Il atterrit souplement sur ses genoux fléchis. À son grand soulagement ni rumeur ne s’élève, ni mouvement ne se manifeste, du côté opposé de la bâtisse : les ravisseurs n’ont pas, semble-t-il, détecté sa fuite. Ayant chaussé ses babouches, il s’éloigne vélocement vers un bosquet de genévriers thurifères afin de se mettre à couvert.

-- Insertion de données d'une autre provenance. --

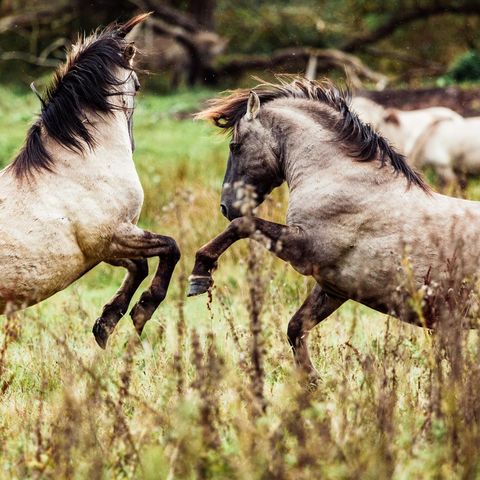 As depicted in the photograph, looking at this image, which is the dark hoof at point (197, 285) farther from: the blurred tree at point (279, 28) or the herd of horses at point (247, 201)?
the blurred tree at point (279, 28)

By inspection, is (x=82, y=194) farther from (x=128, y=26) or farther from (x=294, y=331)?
(x=294, y=331)

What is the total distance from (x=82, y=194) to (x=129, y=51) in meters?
1.25

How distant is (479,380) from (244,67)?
20473 millimetres

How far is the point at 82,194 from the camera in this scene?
19.9 feet

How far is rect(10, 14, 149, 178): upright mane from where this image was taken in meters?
6.12

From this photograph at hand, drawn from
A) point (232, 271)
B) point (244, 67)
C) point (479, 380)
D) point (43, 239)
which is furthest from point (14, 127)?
point (479, 380)

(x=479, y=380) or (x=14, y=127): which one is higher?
(x=479, y=380)

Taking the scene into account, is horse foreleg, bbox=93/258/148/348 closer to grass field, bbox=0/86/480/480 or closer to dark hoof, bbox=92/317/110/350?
dark hoof, bbox=92/317/110/350

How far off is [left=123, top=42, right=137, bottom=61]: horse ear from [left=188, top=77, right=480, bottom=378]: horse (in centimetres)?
101

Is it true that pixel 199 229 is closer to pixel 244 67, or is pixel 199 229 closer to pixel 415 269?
pixel 415 269

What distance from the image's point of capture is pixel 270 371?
231 inches

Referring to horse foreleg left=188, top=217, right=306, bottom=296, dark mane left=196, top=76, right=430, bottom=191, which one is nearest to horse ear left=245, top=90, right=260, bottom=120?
dark mane left=196, top=76, right=430, bottom=191

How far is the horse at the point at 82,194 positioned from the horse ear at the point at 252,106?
874mm

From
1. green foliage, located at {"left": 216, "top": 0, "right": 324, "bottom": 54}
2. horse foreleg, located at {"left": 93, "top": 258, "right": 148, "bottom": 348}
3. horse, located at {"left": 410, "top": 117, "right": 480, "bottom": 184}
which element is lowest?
green foliage, located at {"left": 216, "top": 0, "right": 324, "bottom": 54} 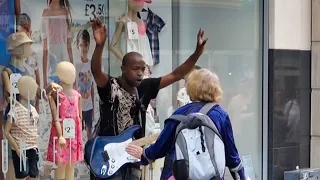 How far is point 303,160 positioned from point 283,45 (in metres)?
1.41

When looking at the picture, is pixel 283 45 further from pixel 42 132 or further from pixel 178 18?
pixel 42 132

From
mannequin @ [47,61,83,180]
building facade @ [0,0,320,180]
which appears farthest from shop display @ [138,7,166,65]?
mannequin @ [47,61,83,180]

Tapi sous l’abri des conifères multi-séculaires, il entrevoit devant la dār[1] où il était détenu un véhicule tout-terrain dont la carrosserie sombre miroite à la clarté de l’astre déclinant. « Si je m’en emparais, ça faciliterait ma fuite, envisage-t-il… Non, trop bruyant, trop risqué… Et puis la clé de contact, ils doivent l’avoir avec eux… Je ne dois décidément compter que sur mes jambes pour me tirer d’ici ! »
Les cieux se sont peu à peu éclaircis. « Il ne doit pas être loin de six heures, estime Per Hansen, bientôt il fera jour… Il est grand temps de déguerpir. » Sur ce sage constat, il se hâte, par un bref détour dicté par la prudence, de rejoindre le chemin caillouteux qui dessert la bâtisse. En dépit de ses nombreuses sinuosités, la piste se dirige sommairement vers le nord, ce qui ne manque de réjouir le fugitif. « Marrakech, quarante kilomètres… Seulement ! » se dit-il en manière d’encouragement. Maîtrisant mal la marche rapide en babouches, il lui arrive plus d’une fois de trébucher sur les inégalités du terrain, mais, au fur et à mesure de sa progression, acquiert quelques rudiments de technique qui lui permettent d’accélérer le pas. Comme il dévale la piste, il reste toutefois aux aguets, prêt à bondir derrière les rochers qui parsèment ses abords au moindre ronflement de moteur. Mais rien de tel ne survient. Au bout d’une heure de marche, il atteint sans encombre la lisière d’un hameau où il croise une fillette matinale pressant un troupeau de chèvres.
- Marrakech ? la questionne-t-il en indiquant la direction du nord d’un geste de la main.
La gamine, au départ apeurée par l’apparition de ce nsāri[2] en babouches mais convaincue finalement qu’il ne s’agit que d’un randonneur égaré, lui bredouille de vagues indications.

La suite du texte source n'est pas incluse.